Start of Provided data

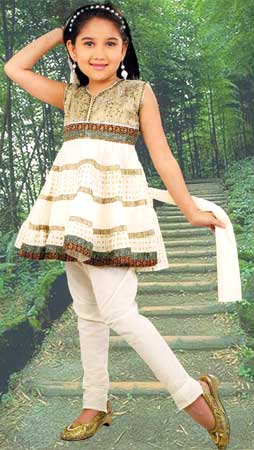 Embroidered Salwar Kameez -04, Feature : Skin Friendly, Impeccable Finish, Easily Washable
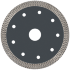 Алмазный отрезной круг Festool TL-D125 PREMIUM 769162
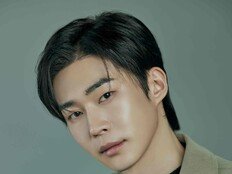 [공식] 무진성, ‘유부녀 킬러’ 출연 확정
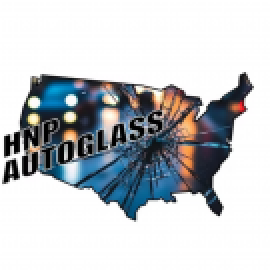 Profile picture of hnpautoglass.c@gmail.com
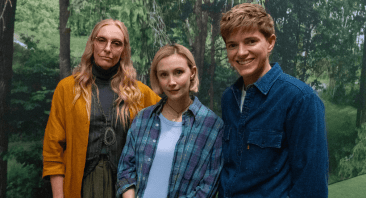 wayward netflix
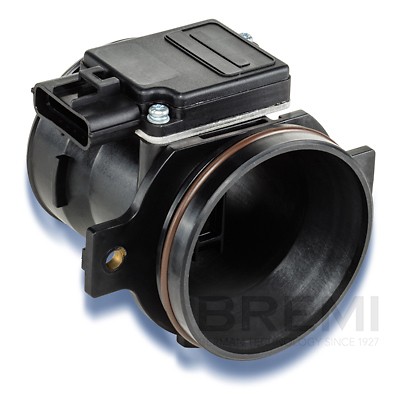 BREMI 30067 EAN: 4017534183266.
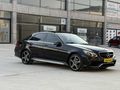 SEFACAN AUTO'DAN E63 DÖNÜŞÜMLÜ E180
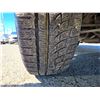 Image 18 : DUNCAN - 2006 NISSAN X-TRAIL SILVER 359914 KMS"NO RESERVE" - D209173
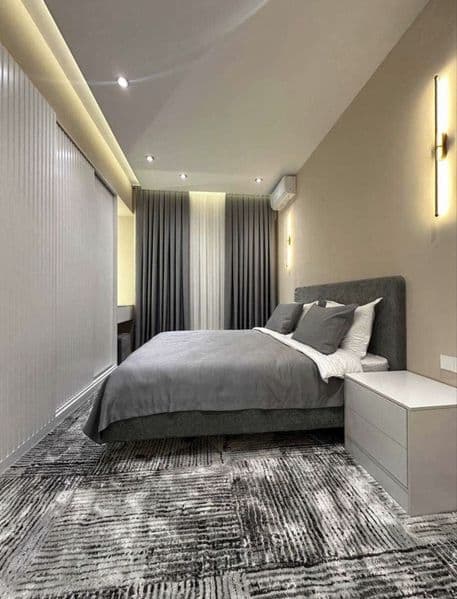 Сдаётся шикарная 3-комнатная квартира в Новостройка<br />
<b — фото 3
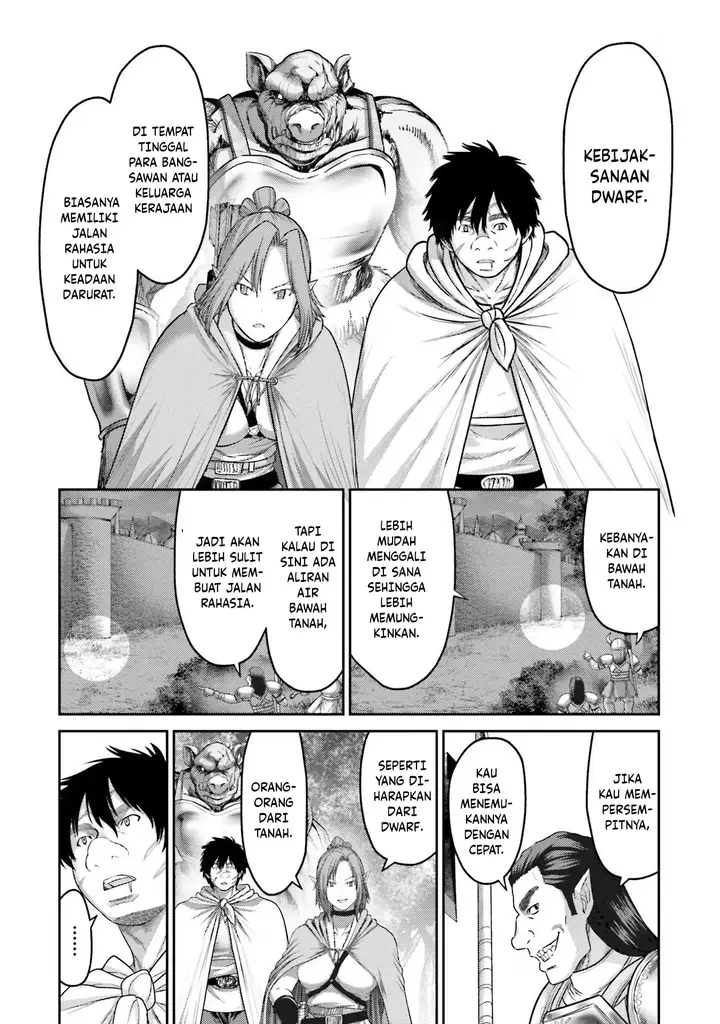 image-komik-buta-no-fukushuu-chapter-13-15/21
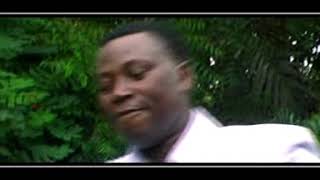 Togo Gospel Music Adabadji K Djobokou  Yesu Va duame [upl. by Gennifer]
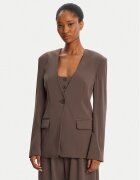 BARDOT Sacou Ellera Fitted 59970JB2 Regular Fit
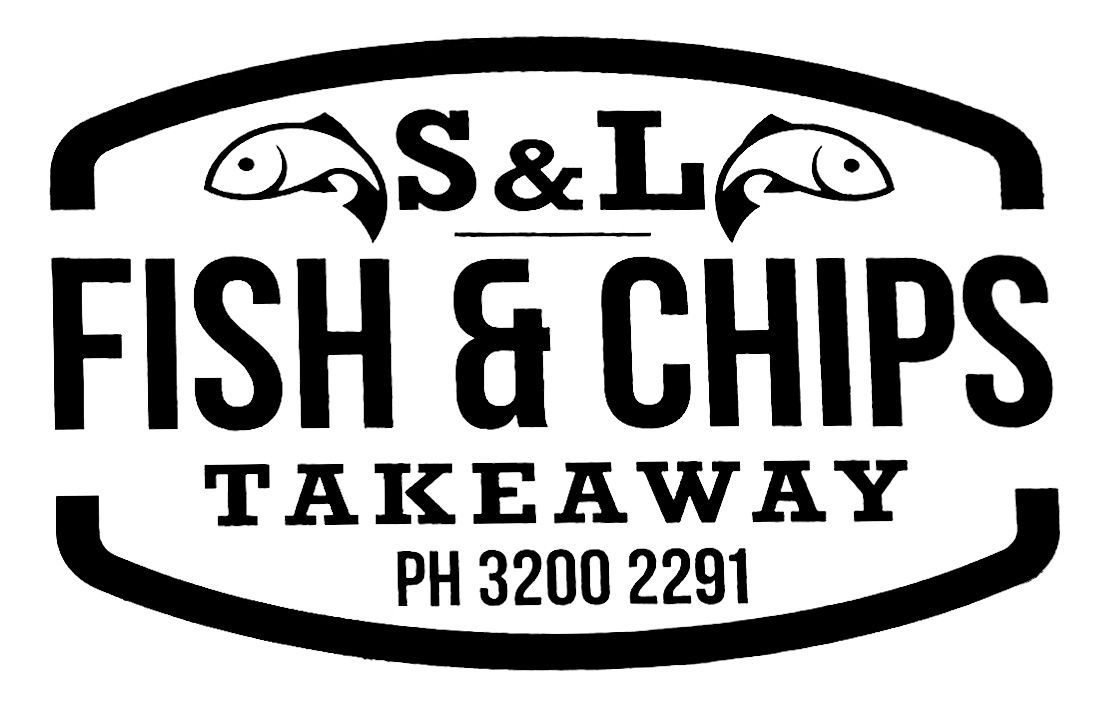S&L SEAFOOD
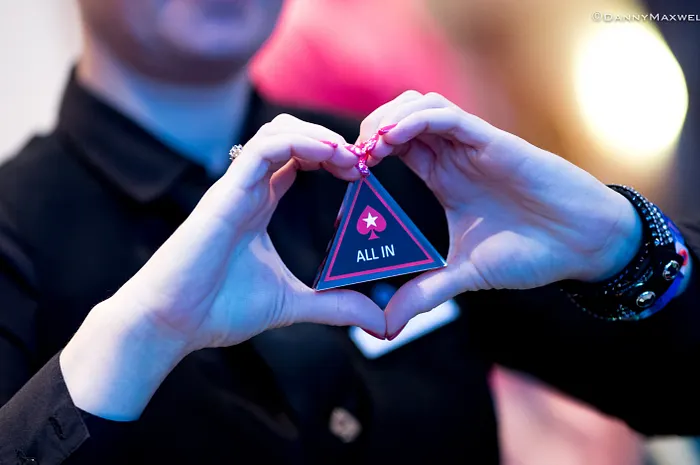 Dominique Terzian et Guillaume Diaz ratent la finale du HR Eureka Prague 0001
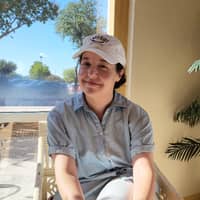 Lexi S.'s profile image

End of Provided data

Exercise details:
Exactly as written, copy out the listing, but without any pictures.

Answer to this task:
 Embroidered Salwar Kameez -04, Feature : Skin Friendly, Impeccable Finish, Easily Washable
 Алмазный отрезной круг Festool TL-D125 PREMIUM 769162
 [공식] 무진성, ‘유부녀 킬러’ 출연 확정
 Profile picture of hnpautoglass.c@gmail.com
 wayward netflix
 BREMI 30067 EAN: 4017534183266.
 SEFACAN AUTO'DAN E63 DÖNÜŞÜMLÜ E180
 Image 18 : DUNCAN - 2006 NISSAN X-TRAIL SILVER 359914 KMS"NO RESERVE" - D209173
 Сдаётся шикарная 3-комнатная квартира в Новостройка<br />
<b — фото 3
 image-komik-buta-no-fukushuu-chapter-13-15/21
 Togo Gospel Music Adabadji K Djobokou  Yesu Va duame [upl. by Gennifer]
 BARDOT Sacou Ellera Fitted 59970JB2 Regular Fit
S&L SEAFOOD
 Dominique Terzian et Guillaume Diaz ratent la finale du HR Eureka Prague 0001
 Lexi S.'s profile image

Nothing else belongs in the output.